ZFS ZFS Performance FreeBSD vs Linux

rootbert · Feb 12, 2020

I did a measurement concerning ZFS. I was just interested in a small unscientific performance measurement. It's not really worthwile for a post, however, I just want to share my findings.

I bought a new machine and migrated my personal data to this new one. So I could do a fresh installation of FreeBSD on the old machine which was running Linux before. I then thought about not completely getting rid of Linux since KVM offers some nifty tricks I need for my work. I setup the old machine to dual-boot FreeBSD and Ubuntu 18.04 (Kernel 5.3.0) via rEFInd from my old SSD. For storage, I use 3x 8TB Seagate Archive HDDs. I wrote a little python script which reads all files, calculates md5sum + sha256sum and stores the filename + hashsums + size in a sqlite3 database which resides in memory (/dev/shm on Linux and using md(4) on FreeBSD). In total 672345 files (I guess 98% photos) use 5.21TB of space.
The underlying disks were encrypted with the default configuration of geli under FreeBSD and cryptsetup on Ubuntu, setup as RAIDZ1 (no cache, no log).

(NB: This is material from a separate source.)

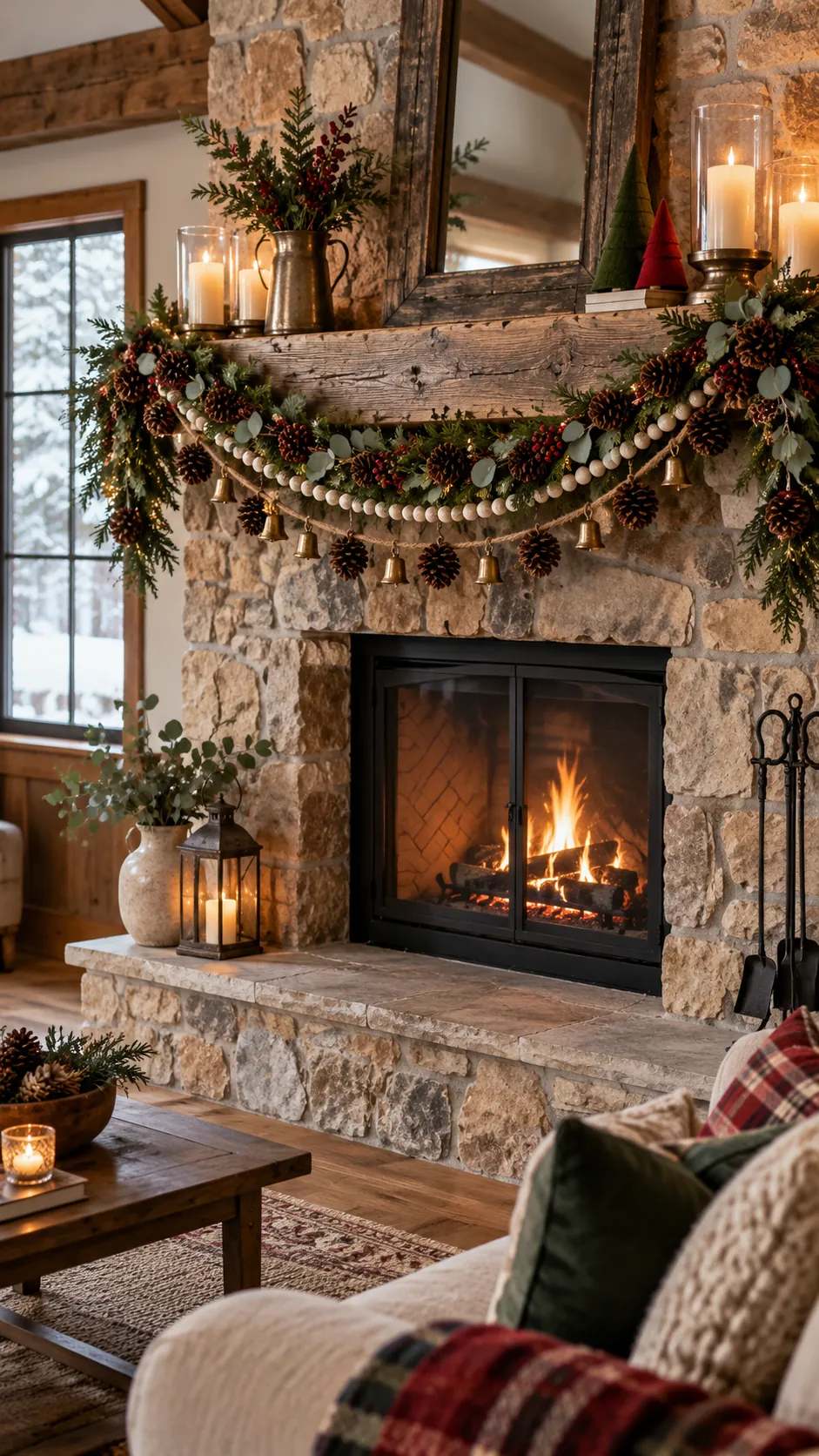 Pinecone Garland Layers rustic Christmas fireplace decor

So how long does the python script run to accomplish the task?
*) FreeBSD 12.1-RELEASE, Python 3.7.6: 15 hours, 48 minutes, 46 seconds
*) Ubuntu 18.04 with ZFS (0.7.5) and Python (3.6.9) from the main repo: 20 hours, 43 minutes; I could not believe the difference, thus:
*) Ubuntu 18.04 with ZFS (0.7.5) from main repo, and Python 3.7.6: 14 hours, 45 minutes, 22 seconds
*) Ubuntu 18.04 with most recent ZFS (0.8.3) and Python 3.7.6: (did a "zpool upgrade"): 14 hours, 45 minutes, 17 seconds

so in my small and unimportant personal scenario for mostly having my data at rest ;-), depending on what you base it, Linux was roughly 7% faster (first Linux test was probably so much worse because Python gained some nice improvements in 3.7 compared to 3.6).
However, my subjective findings are - and this is what made me curious - that FreeBSD feels much snappier with ZFS compared to Linux. My workflow with personal data is however quite limited: editing and showing pictures to friends.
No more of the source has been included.